Let $f_1:[0,1]\to[0,1]^2$ be given by
\begin{equation}\label{eq:f1}
f_1(t) = \begin{cases}
(\nicefrac14, 2t) & \text{for } 0\leq t \leq \nicefrac38 \\
(2t-\nicefrac12, \nicefrac34) & \text{for } \nicefrac38 \leq t \leq \nicefrac58 \\
(\nicefrac34, 2-2t) & \text{for } \nicefrac58 \leq t \leq \nicefrac78 \\
(2t-1, \nicefrac14) & \text{for } \nicefrac78 \leq t \leq 1 \\
\end{cases}
\end{equation}
(see Figure \ref{fig:hilbertcurve}(a)). Apply the rule in Figure \ref{fig:hilbertcurverule} to arrive at the function $f_2$ depicted in Figure \ref{fig:hilbertcurve}(b). Next, divide the unit square into four smaller squares of equal size, apply the rule in Figure \ref{fig:hilbertcurverule} to each square, and arrive at $f_3$ depicted in Figure \ref{fig:hilbertcurve}(c). Continue in this fashion, resulting in a sequence of continuous functions $f_n\colon [0,1]\to[0,1]^2$ for $n=1,2,3,\dots$.

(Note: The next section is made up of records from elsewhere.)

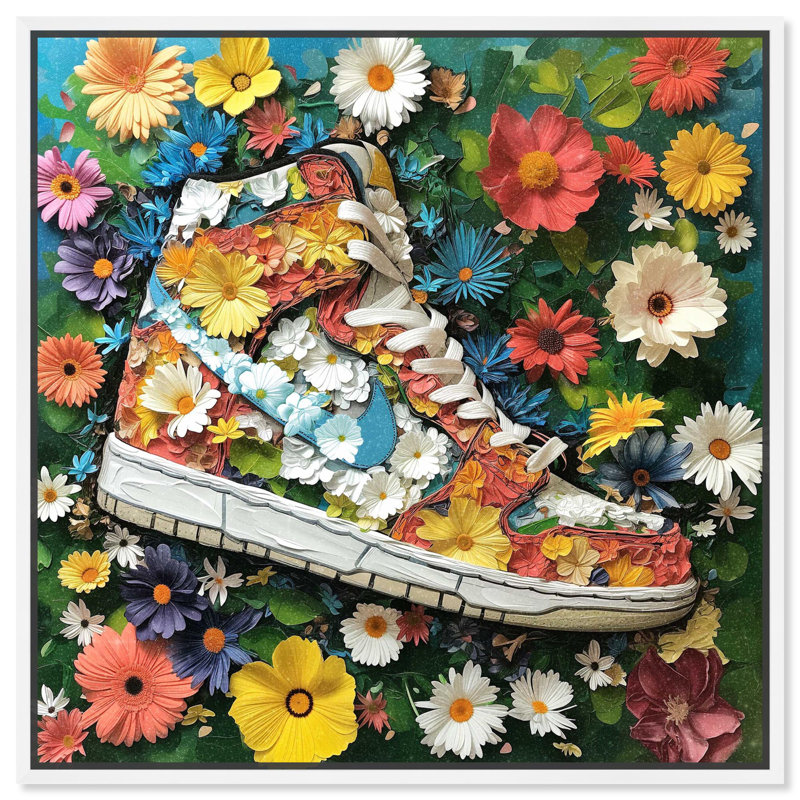 Art mural peint sur toile Sneaker, H 13 po x l 13 po, Cadre flottant blanc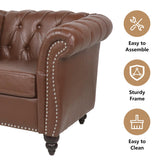 RUSTYER Chesterfield 3 Seater Sofa, Modern Leather Tufted Couch 3 Seater with Rolled Arms and Nailhead Mid-Century Upholstered Couch for Living Room, Bedroom, Apartment and Office, Brown RUSTYER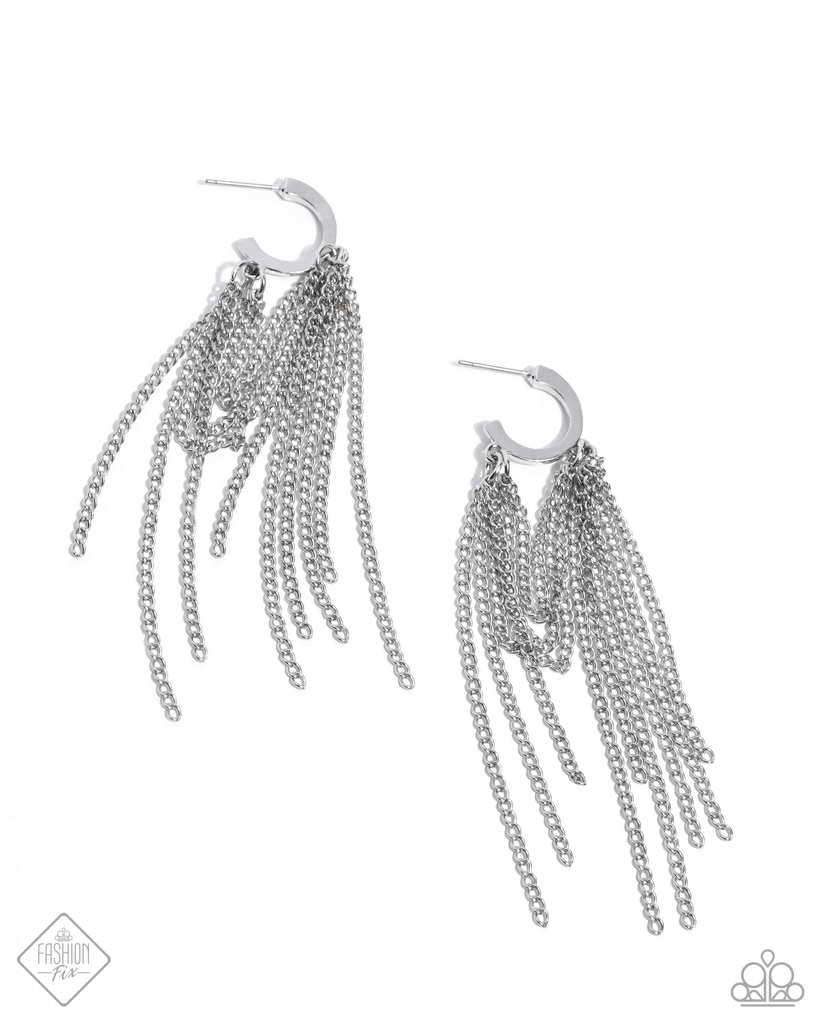 Copious Caliber - Silver Earrings Paparazzi 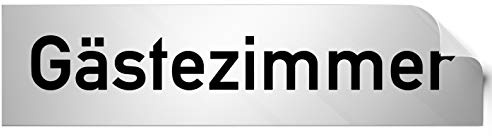 Kinekt3d Leitsysteme Folienschild Türschild • Gästezimmer • PVC Hinweisschild • 160 x 40 mm Silber • selbstklebend • Kratzfester Druck • UV Beständig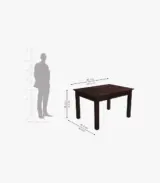 Arolph Sheesham Wood 4 Seater Dining Table Set (Walnut Finish) - Image 6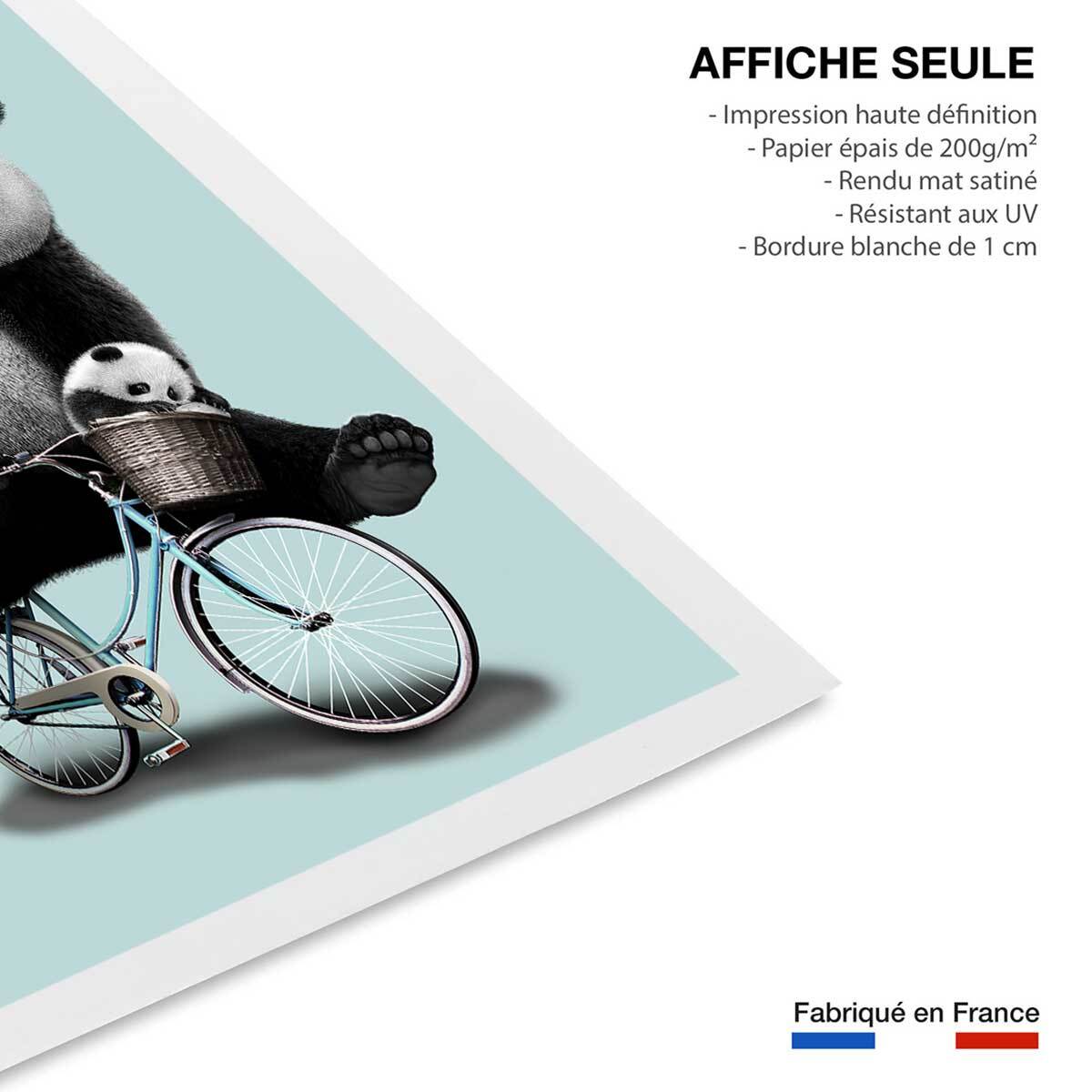 Affiche enfant amis à bicyclette  Affiche seule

Note that the length of the $n$th curve is $2^n$, and that $\|\frac{d}{dt}f_n(t)\|_2=2^n$ at all $t\in[0,1]$ (except those $t$ corresponding to kinks in the curve). (Here, $\|\cdot\|_2$ is the Euclidean norm in $\R^2$.)

\begin{deloppgave}
Try to give a \emph{rough} explanation (less than $1/2$ page each) of the following three statements. Feel free to draw pictures instead of giving a written answer.
\begin{enumerate}[label=(\roman*)]
\item \label{prob:pointsclose}
Let $N\in\N$ and $x,y\in[0,1]^2$. Then
\begin{equation}\label{eq:pointsclose}
\|x-y\|_2 \leq 2^{2-N}
\end{equation}
whenever $x$ and $y$ lie in the same or in neighboring squares with side lengths $2^{-N}$.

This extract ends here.